We have 200 companies on file looking to tap the Nasdaq and hopefully, if the markets open up as we go through the year, but as you know, it takes two to tango. So we've got the supply. The demand really comes from investors feeling confident underwriting new deals and I think if we can see interest rates kind of top out and we kind of know where that ends up, we see inflation continue to come down and we have a more certain economic under footing, we could actually see activity pickup, particularly in the latter half of the year and then we're hopeful for that. And that will help obviously with '23 growth, but also help with '24.

I think with the index business, it's obviously subject to market beta with our AUM and we were able to withstand a lot of changes in market values last year, but the fourth quarter, you could see had a big impact. So AUM dropped a lot. We didn't have as robust inflows in the fourth quarter to counteract that. But as we go into 2023 released off to a better start, we'll have to see how that evolves and that's an area where we will have market beta through the year. So we'll have to see that growth. But if I were to sum it up though, the areas where we have recurring revenues and we have our SaaS revenues, we feel really good about how we're engaging with clients. We do have some elongated sales cycles across IR and analytics, but generally speaking really strong demand. The trends that we're underwriting, we feel really good about and the investments we're making there and I think the markets will be the markets, but I think we've been able to demonstrate really strong performance across different market cycles.

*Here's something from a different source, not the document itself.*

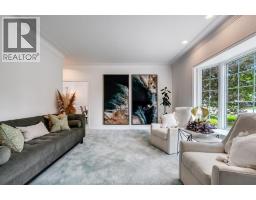 323 TALBOT STREET South - 27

Lastly, you asked a question about Reg NMS and the fees and volumes, it's really early, Rich. It's an initial proposal from the SEC. There'll be rounds of comments, there will be probably revisions and the proposals. And so it will be several years before we kind of see the impact of that, but you're doing the same calculus that we're trying to do, which is we see more opportunity to bring more retail volume onto let venues and that's obviously going to benefit us, but we also see a change in the tick sizes and the relevant access fees and that's where we have to kind of look at that kind of what I'll call the different dynamics settles or result in. And so we actually kind of net, net are generally positive on what the SEC's proposed, but we obviously want to make sure we're calibrating the tick sizes and the accesses appropriately for what they're trying to achieve there.

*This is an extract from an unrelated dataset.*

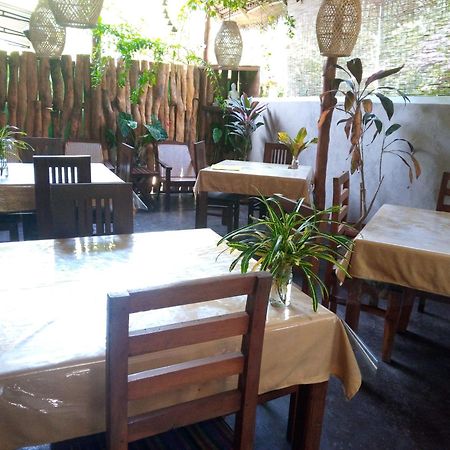 Sansala Guesthouse & Restaurant แทนกาลเล ภายนอก รูปภาพ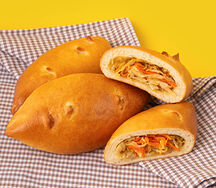 Пирожок печеный с капустой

Thank you. And I show we have our next question from the line of Michael Cyprys from Morgan Stanley. Please go ahead.

Michael Cyprys
Analyst at Morgan Stanley

Hey. Good morning. Thanks for taking the question. I wanted to dig in a little bit on Verafin. I was hoping you can update us on how the sales environment and pipeline is evolving. And you mentioned some proof of concepts that are undergoing right now. I was hoping maybe you can elaborate on how many you have with Tier 1 banks. And historically, what's been the time to conversion with those historical clients signing over to becoming paying customers? Thank you.

Adena T. Friedman
Chair and Chief Executive Officer at Nasdaq

Sure. Yeah, thanks, Michael. So generally, if we look at if the -- if we look at all of AFC, so you've got anti-financial crime, so you've got the FRAML business, which is kind of a Verifin capabilities and then you have our trade surveillance, which is really this balanced technology we offer to trading firms and we have market surveillance, which is the technology that surrounds technology we offer to markets. In Verafin, as I mentioned, we continue to see really nice strong demand there and client -- especially with small to medium banks, the conversion has been quite consistent finding a lead to getting them to become paying clients. And we had I think it was 98 new clients in the quarter and we had really strong dynamics there and it's -- I have to say I think what we offer is a great product and it shows up in the sales.

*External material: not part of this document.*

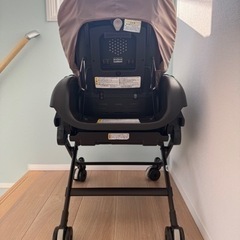 コンビ ネムリラAT トイザらス限定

As we go up market that's what where we're kind of -- we as Verafin are facing some new unchartered waters, right? We're getting up to the top of the banking universe and I think that what we're seeing is Tier 2 banks, we're getting them signed up and lined up slowly, but surely. The proof of concepts are showing a significant reduction in false positives and a better ability to identify real fraud. And so I think that's really the proof points are really helpful in getting to converted client. Tier 2 banks you're talking more like us. I would say anywhere from six to 12 month sales cycle there. And then you get up to the large, the Tier 1 banks and that's where again we have several proof of concepts that are completed now. And I think that we're showing really strong results in terms of improvements in lower false-positives, better fraud detected. But the contracting cycles there are really long because they go through a really deep review internally and we go through obviously cyber review.

We go through a lot of different things and those sales cycles can be anywhere from I would say kind of nine to 15 to 18 months. So we are really hopeful because we completed some of those proof of concepts in the first half of last year that we should be able to convert some this year. And I can only say, Michael, we're not giving specific numbers, but it's a good number of proof of concepts that we completed. It gives us an opportunity to show that we can get into the Tier 1 banks as we go through '23, and so we're confident we'll be able to show these proof points as we go through the year.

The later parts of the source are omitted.